Although military strikes earlier this week by France and the United Nations weakened Gbagbo’s hold on power, French and U.N. officials said they were not part of the attacks on the residence Wednesday.

On Tuesday, French Foreign Minister Alain Juppe and other officials insisted that Gbagbo was on “the brink” of yielding power, according to the Reuters news agency. But Gbagbo was defiant, telling a French television station, LCI, in a telephone interview from his residence, “I won the election, and I am not negotiating my departure,” according to the Associated Press.

The events in the commercial capital of Abidjan marked the end of a four-month standoff between Gbagbo’s forces and the United Nations, which led international efforts to persuade him to step down.

They also represented an extraordinary military initiative by France and the United Nations to help dislodge an entrenched African leader who has ruled the once prosperous, cocoa-producing country since 2000.

The United Nations and France portrayed their role in Ivory Coast as a limited military operation aimed at protecting civilians and preventing sniper fire and mortar attacks against U.N. personnel.

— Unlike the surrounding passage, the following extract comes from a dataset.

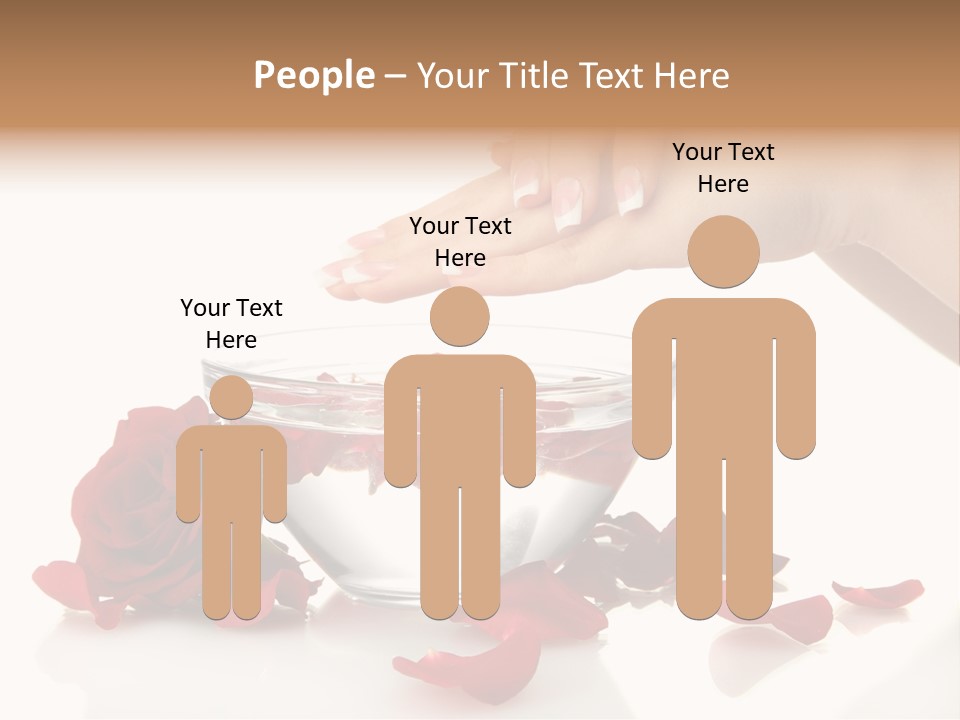 Petal Female Isolated PowerPoint Template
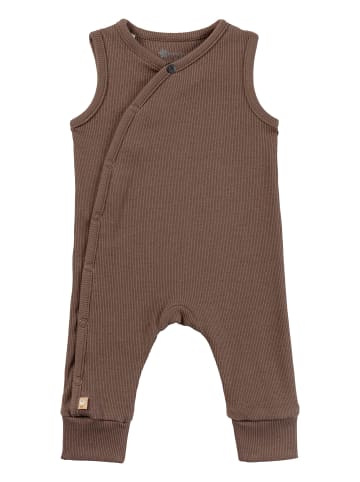 Strampler Rippjersey in braun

During the past week, Gbagbo’s forces have injured 11 U.N. peacekeepers, including four who were seriously injured by a rocket-propelled grenade attack against a U.N. armored personnel carrier.

But a series of French and U.N. helicopter gunship attacks against Gbagbo’s military bases and other vital installations softened Gbagbo’s last lines of defense, paving the ground for a final military offensive by forces loyal to Ouattara, the Ivory Coast’s internationally recognized president-elect.

“The military battle is over,” Youssoufou Bamba, Ouattara’s U.N. envoy, said Tuesday. Gbagbo’s forces “have no ammunition, and they are surrendering. I understand they are now negotiating the terms of the surrender” with the French government. “For our part, we want Gbagbo’s military to surrender without conditions.”

Even Gbagbo’s backers acknowledged that his days were numbered. Zakaria Fellah, a foreign policy adviser to Gbagbo, said he believed Gbagbo’s most fervent supporters would continue fighting but conceded that “mathematically, the game is over.”

Fellah, who said he spoke Tuesday morning to Gbagbo’s wife, Simone, insisted that Gbagbo would not surrender from the bunker at his house where he took shelter. He “is not negotiating anything. This is a fight to the end for him, his wife and what you guys call his hard-line supporters,” Fellah said. “She said, and I’m quoting, ‘It would be a beautiful end.’ I don’t know what it means, but I think they are ready to die.”